When Amal visited Lincoln Center, she seemed more like a dignitary granting an
audience than a child ambassador for a cause. Her context had disappeared;
without it she registered as a buzzy spectacle, one you want to be able to say
you saw.
Still, the
visuals were terrific — musicians serenading her from the balcony of the
Metropolitan Opera House — and people strained to get near her, to touch those
enormous hands. It is astonishing when she gets really close, looming right
above you. Looking up, all you see is her huge face, with those big, brown,
blinking eyes.
I followed Amal
late on Sunday morning to St. Patrick’s Cathedral, where the vast front doorway
posed no obstacle to her height, and where the lyrics of one hymn were
particularly apt — not so much for her but for the rest of us: “Whatsoever you do
to the least of my people, that you do unto me.”

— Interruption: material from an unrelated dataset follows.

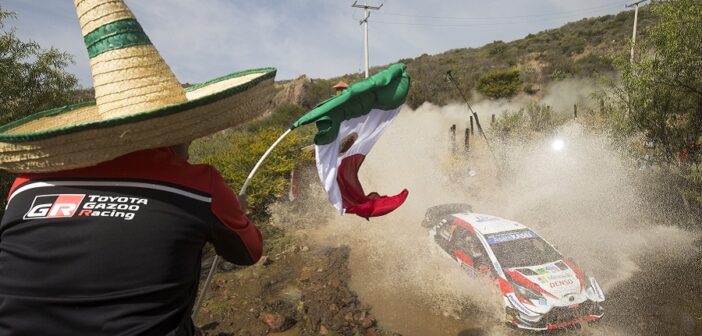 Ogier in azione nell'ultima edizione del Mexico WRC dove ha trionfato per la sesta ..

A New Yorker embraces Little Amal, the 3.6m-tall
puppet of a Syrian refugee child that has become a powerful emblem of the
global migrant crisis in Washington Heights on September 18, 2022.
And I followed
her early on Monday morning to Coney Island, Brooklyn, where she wandered the
wooden boardwalk forlornly, peering through the gates of rides not open just
then for customers. The carnival colors popped, the moody clouds cast a
flattering light and when she looked over the side of a pier into the water,
the sound was of crashing waves and clicking shutters.
Instagrammable
If it seemed
contrived — which, to be fair, it was; this was theater — there was no feigning
the interest in her as she strode along with a gathering entourage, while a
persistent drone hovered unnervingly overhead. Some people had made the
pilgrimage to see Amal; others, like a smitten woman in a one-piece swimsuit
and pink bathing cap, seemed to have ditched their beach plans to tag along.
Amal’s
performance that night, with its narrative of a weary child’s peregrination
through Dumbo to the glass-walled carousel in Brooklyn Bridge Park, should have
been delicate and gorgeous. But from the moment she set off from the walk’s
starting point, a triangle in the shadow of the Manhattan Bridge, something was
wrong.
It was not only
that the hundreds of us were too many for the narrow cobblestone streets; the
spirit of the evening was off, too. In that most Instagrammable of the city’s
neighborhoods, the focus of the crowd was palpably on getting the shot — and
Amal, in that lighting, did look glorious. (She stopped, lingeringly, in
precisely the ultra-photogenic spot that’s illustrated on the cover of the
current issue of The New Yorker.)
Little Amal, the 3.6m-tall puppet of a Syrian
refugee child that has become a powerful emblem of the global migrant crisis,
visits the Coney Island Boardwalk in New York on September 19, 2022.
But this was not
the joyous welcome of an attentive audience; it felt like a flash mob that had
gotten out of hand. And when we reached the carousel — an elevated and
brilliantly illuminated space that should have made an ideal stage — it was so
surrounded by people that the performance was impossible to see unless you were
up front. Even being 3.6m couldn’t help Amal there.
The creepiest
thing about that evening’s walk, though, was the sense that allegiance had been
replaced by pursuit. It had the feeling of a hunt, with the puppet refugee as
quarry. People jostled for position, cut in front of one another, tried to
anticipate where Amal was going and get there first.
And so I wonder,
a little worriedly, with Saturday’s walk across the Brooklyn Bridge coming
right up: Are we ruining Little Amal for ourselves?
There may be no
solution to the problem of the sheer numbers she draws, especially when the
vistas promise to be breathtaking. But one tenet of theater suggests a way to
better experience her live.
Be present.
Shoot a few photos if
you like, a snippet of video. But mostly, just put down your camera, put away
your phone. Be there, in the moment, walking with her. And feel.